Note: Current boundaries are outlined in orange in the elementary scenarios and green in the middle school scenarios. Proposed boundaries are colored.

Meetings

  • Southwest schools are invited to a public input meeting at 6 p.m. Jan. 13 at Durango High School to discuss all proposals affecting that region.
  • Northwest schools are invited to a public input meeting at 6 p.m. Jan. 14 at Cimarron-Memorial High School to discuss all proposals affecting that region.

More than 15 elementary schools serving Summerlin-area children are up for possible rezoning for next school year. A Clark County School District panel agreed Dec. 4 to move forward with three proposals that could affect hundreds of Summerlin students, in addition to those affected by an earlier decision.

Beginning in January, community meetings will be held by the Attendance Zone Advisory Commission to decide which proposal, or which parts of the proposals, should be given to the School Board in March as a final recommendation for rezoning.

The schools discussed Dec. 4 included: Kathy Batterman, John W. Bonner, Roger M. Bryan, M. J. Christensen, C. H. Decker, Herbert A. Derfelt, P. A. Diskin, Guild R. Gray, Keith C. and Karen W. Hayes, Walter Jacobson, Frank Kim, D'Vorre and Hal Ober, Clarence Piggott, Lucille S. Rogers and Ethel W. Staton elementary schools.

Linda Rankin Givens and Doris Hancock elementary schools were also discussed, but the commission agreed to drop both schools from possible rezoning this year.

On Dec. 2 three proposals were agreed upon that could move students from another 13 schools on the northern border of Summerlin, including Eileen Conners, Dorothy Eisenberg, Marc Kahre and Sheila Tarr elementary schools.

The commission also agreed Dec. 2 to two proposals changing the borders of Palo Verde and Bonanza high schools, moving up to 450 students.

Each of the elementary schools were being considered as a way to relieve crowding and use seats at schools currently under capacity.

Before the School District's official "count day," in which it obtained an audited count of how many students are at each school, Batterman was 4 percent over capacity, Rogers was 11 percent over, Bonner was 14 percent over, Ober was 19 percent over and Hayes was 29 percent over capacity.
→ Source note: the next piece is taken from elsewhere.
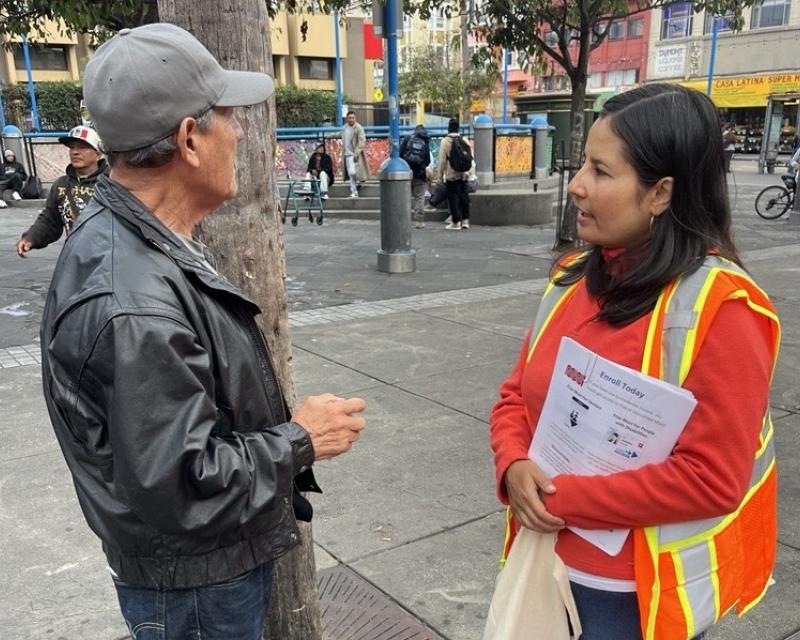 Two people talking on a wide sidewalk. One is wearing an orange vest and sweatshirt. The other is wearing a black jacket and baseball cap.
The rest of the schools ranged from 3 percent under capacity at Diskin to 30 percent under at Gray.

Commissioners are looking at the area to use the open seats at Gray, as well as at Piggott, which was 27 percent under, and Derfelt, which was 29 percent under capacity.

"Why should we build new schools when there's nine-month schools with open seats," Vice Chairwoman Barbara Moody said, relaying the message the School Board gave to the commission.

"It is moving a ton of kids," she said. "It's not something we like to do, but in the big picture, I don't see how this wouldn't last for a long time."

The commission voted to move the following suggestions forward as proposals:

  • The first would move Staton students living southeast of Crestdale to Bonner; Bonner students living east of Hualapai Way and south of Orient Express Court to Piggott; Derfelt students living west of Durango Drive to Piggott; Derfelt students living north of West Charleston Boulevard to Jacobson; Derfelt students living east of Buffalo Drive to Gray; Gray students living west of Buffalo to Derfelt; Roger Bryan students living north of Desert Inn Road to Derfelt; Rogers students living north of Peace Way and west of Cimarron Road to Roger Bryan; Rogers students living south of Peace and north of Tropicana Avenue to Kim; Kim students living northeast of Spring Valley Parkway to Diskin; Kim students living between Twain Avenue and Flamingo Road to Diskin; Kim students living north of Twain to Gray; Diskin students living north of Twain to Gray; Decker students living north of Twain to Gray; and Diskin students living in the community surrounded by Twain, Viking Road, Arville Street and Wynn Road to Decker; Ober students living in the area surrounded by Lake West Circle to Christensen; Hayes students living south of Tompkins Avenue and east of Tee Pee Lane to Rogers; and Batterman students living north of Hacienda Avenue to Rogers.
  • The second would move the same Derfelt students to Jacobson and Gray; the same Ober students to Christensen; the same Hayes students to Rogers; the same Rogers students to Roger Bryan; and the same Batterman students to Rogers. Additionally, Gray students west of Cimarron would move to Derfelt; Roger Bryan students north of Spring Mountain and west of Cimarron would move to Derfelt; and Rogers students living north of Tropicana would move to Roger Bryan.
  • The third is similar to the first, with no Bonner or Staton students affected, and no Derfelt students would be moved to Gray.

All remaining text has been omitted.